Last August when his minors lost out to a powerful Armagh combination John Kennedy thought that would be that – at least for the time being. For the best part of a decade his life had been filled with the sights, smells and sounds of the training pitch and dressing room. As a selector, as a manager at senior and minor level his life was spent in the service of football.
He loved it – loved every minute – but it was time he felt to take a step back. Take a rest, recharge the batteries, maybe take on some additional responsibilities with the club at home in Asdee. Then the phone rang. On the other end? Jerome Conway. The Kerry County Board Chairman wanted to talk. John knew what was coming.
"Jerome asked me would I come back and take on the Under 21s. It was an easy enough decision in a way because you don't turn down jobs in Kerry. While one hand I was looking for break on the other hand I was looking for a change," Kennedy says.
It was easy to accept, partially at least, because he would have worked with the majority of the players he would be calling upon in his new role. Managing an Under 21 team is a very different challenge to managing minors. It's closest thing you can get to managing a senior panel, Kennedy feels. Having managed the Clare seniors to their most successful season in well over a decade in 2004, when they won the Tommy Murphy Cup, this latest campaign isn't totally new ground for the North Kerry man.
Over the last couple of weeks Kennedy has watched with a great deal of pride and optimism (as well as fear that they might get injured) as several of his players have had the chance to prove themselves with Jack O'Connor's seniors in the National League. The two Barry Johns have staked a claim, as have Tomás Mac An tSaoir and Paudge O'Connor.
"It's great exposure for them," Kennedy enthuses. "It's a great opportunity and a great shop window for our lads come on up there and try to get on that panel over the next two or three years. There's a great opportunity for them. It's the guys that want it and who are ready for it that will step up."
So now here stands Kenneday again at the beginning of another championship campaign. Its success or otherwise will to a large extent be determined next Saturday. Victory over Cork will mean Kerry stand an excellent chance of at least a provincial title, lose and it's all over.

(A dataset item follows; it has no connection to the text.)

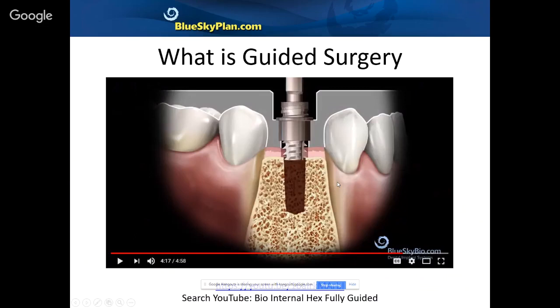So what is guided surgery? On the simplest level, it's placing the implant and creating the osteotomy guided through a surgical guide. The purpose of the surgical guide is to execute the plan created in the Blue Sky Plan software. The purpose of the plan is to plan for ideal results — to create prosthetically driven planning for long-term results, achieving maximum results both in terms of implant placement and the restoration.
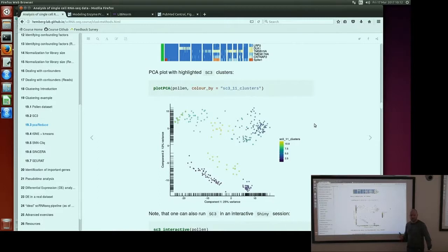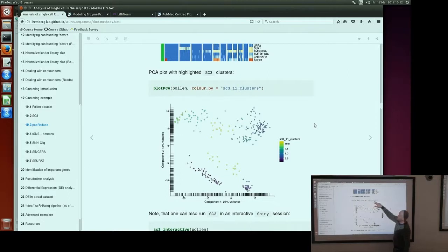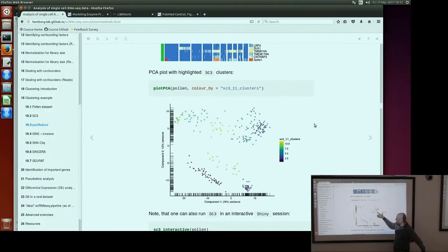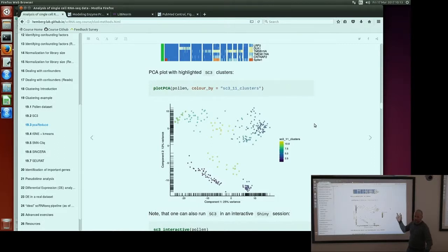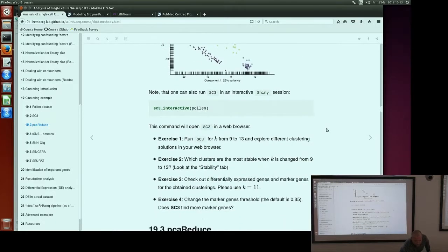Because of the integration with SCATER, you can use all SCATER functions on this object, and also use SC3 results in your plots. Here we plot PCA of pollen colored by the results of SC3. As you can see, it's very similar to the previous plot, because the cell types identified by SC3 were mostly the same as reported by the authors. The color scale here is continuous so it's not very clear, but still the same cell types. We have some exercises: run SC3 from 9 to 13, explore different clustering solutions in your web browser, and find out which clusters are the most stable.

"They're still a good side, they've got the nucleus of last year's panel still there," Kennedy says of the reigning All Ireland champs. "The advantage Cork have is that they're in the second year of a two year programme. When their campaign finished they were able to start working again in September, October, November and they had a pretty good idea of the nucleus of their panel again this year."
After the comprehensive defeat Kerry suffered at the hands of the Rebels at this stage of the competition last year and with most of that Kerry team still in place, Kennedy feels that his players have a point to prove. "Our lads who were involved last year, there's huge disappointment there. That's a tremendous incentive for those guys to show that they're not as bad as that, we know they're not as bad as that. It's up to them now to prove it. That rubs off on players, they're all Kerry men, they're all proud in the green and gold," he says.
Having battled long and hard in the trenches in the service of the green and gold, perhaps, this will be the year that John Kennedy will catch a break.